Traducteur Français : Hellteach

Checkeur : Zhexiel

Chapitre 8 - Vanguard (l'avant-garde)

Dias sorti un quelconque livre, de couleur or sombre, et écrivit quelque chose tout en souriant, puis il déchira joyeusement la page principale et la coinça à l’endroit le plus visible de l’entrée. La fine feuille qui avait à l’origine juste la taille d’une paume s’étendit jusqu’à devenir aussi grande que la mallette noire. Des nombres scintillants et un emblème en forme de dague étaient spécialement frappants.

Cette chose qui ressemble à un mode d’emploi, c’est une… facture ?

Lorsque Cillin vit l’emblème, ses pupilles s’étrécirent et son cœur fit soudainement un bond.

La Vanguard ! L’emblème de l’un des quatre plus grands régiments de Hunters de l’Alliance Galactique, Vanguard !

Les quatre plus grand régiments de Hunters étaient différents des autres Hunters qui travaillaient seuls ou en petits groupes. Ils avaient des buts plus grands ; des buts si grands qu’il pouvaient vous en couper le souffle. De la découverte d’une nouvelle planète habitable, des actions de pointe dans un Secteur, et un grand nombre de transactions minières, etc. Rien n’échappait à leur présence. Leurs cibles pouvaient être une certaine famille, une organisation, une ville, et même une planète ou une région inconnue de la galaxie. Et ils avaient le pouvoir de le faire… Ce n’était pas quelque chose qu’un Hunter ordinaire pouvait entreprendre.

Ce qui valait la peine d’être mentionné, c’était que les informations à propos des quatre grands régiments de Hunter prenaient jusqu’à quatre-vingts pourcent d’espace dans le magazine électronique ‘Héros’, qui n’était précédé que par ‘Glory’ et ‘Code’ dans la GA, avec une contribution de quatre-vingts points et au-delà. Par conséquent, on pouvait imaginer l’influence que les quatre grands régiments de Hunters possédaient ; ils étaient une existence dont les autorités ne pouvaient s’empêcher de se méfier.

La patrouille de sécurité s’activait à la hâte, mais lorsque le chef de la patrouille de sécurité entra dans la salle de contrôle et vit ce ‘préavis’ scintillant, son visage partiellement sombre devint immédiatement aussi noir que du charbon. On pouvait pratiquement en gratter une couche de son visage. Il regarda en haut à nouveau et vit une certaine personne jambes croisées, assise dans le siège du capitaine et mordant bruyamment dans un fruit.

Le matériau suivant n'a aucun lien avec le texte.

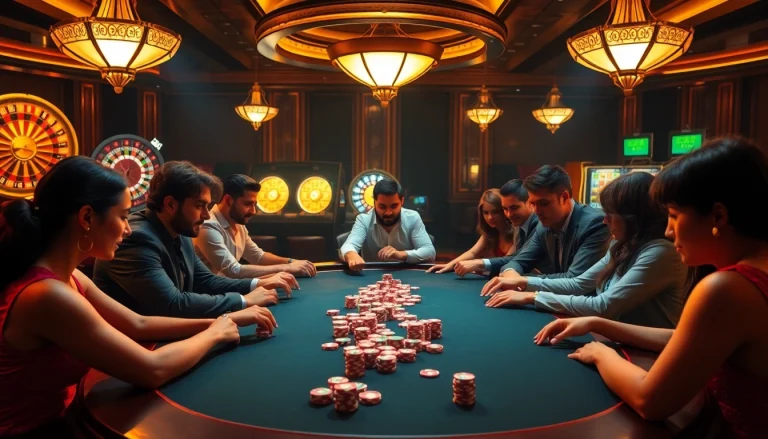 Experience the excitement of home vvjl with players at a vibrant poker table in a luxurious casino.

« Au rapport, capitaine. Il y a un total de vingt-quatre pirates à bord ; vingt-trois inconscients et un mort. Quelques-uns des passagers on subi des blessures mineures. Pas de morts. Nous procédons actuellement à leur réconfort… »

Alors qu’il écoutait le rapport de son subordonné, l’expression du chef de la patrouille de sécurité devenait de plus en plus sombre. Il voulait étrangler ces pirates jusqu’à ce que mort s’en suive lui-même.

Un braquage ? Putain mais pourquoi s’en sont-ils même donné la peine s’ils n’avaient même pas deviné qui était leur opposant ? C’est un Hunter vétéran au génotype de classe A dont nous parlons ; est-ce qu’ils ont des cervelles de moineau dans la tête ? Et comme si ce n’était pas assez mauvais, ils ont été complètement le jouet de leur adversaire comme s’ils avaient trois ans. Un pirate est au moins deux fois plus cher vivant que mort ; mais combien d’argent l’équipe de sécurité devra rapporter !? Et plus important encore, celui qui a attrapé ces voleurs est exactement le genre de personnes que nous essayons sans succès d’éviter ! En parlant de ça, pourquoi donc ce salopard est-il venu dans un endroit aussi pauvre que le Secteur X ? Logiquement, le Secteur X n’a aucun intérêt novateur.

Plus il y pensait, plus le chef de la patrouille de sécurité devenait énervé. Alors que des veines apparaissaient sur le haut de son front, il leva son pied et donna un coup de pied à ses subordonnés sur le côté juste à l’extérieur de la porte. Son assistant qui le suivait eut l’air un peu mécontent ; même s’il voulait donner une leçon à ses hommes, il ne devait pas le faire en face d’étrangers. Ne serait-ce pas exposer leur propre honte ? Mais lorsqu’il regarda en l’air et vit ce ‘préavis’ scintillant, sa propre expression devint verte instantanément. Avec un air livide, il se retourna et donna un coup de pied aux hommes derrière lui également.

Il semblait que leur patrouille de sécurité se ferait engueuler quand il rentreraient et écriraient leurs rapports. Par exemple : « Est-ce que tout le monde dans la patrouille de sécurité mange de la merde pour vivre !? » « Est-ce que vos cerveaux ont vieilli ? Vous ne pouvez même pas arrêter des pirates comme ceux-là ? » « Bordel, mais que font des vampire à monnaie à cet endroit !? »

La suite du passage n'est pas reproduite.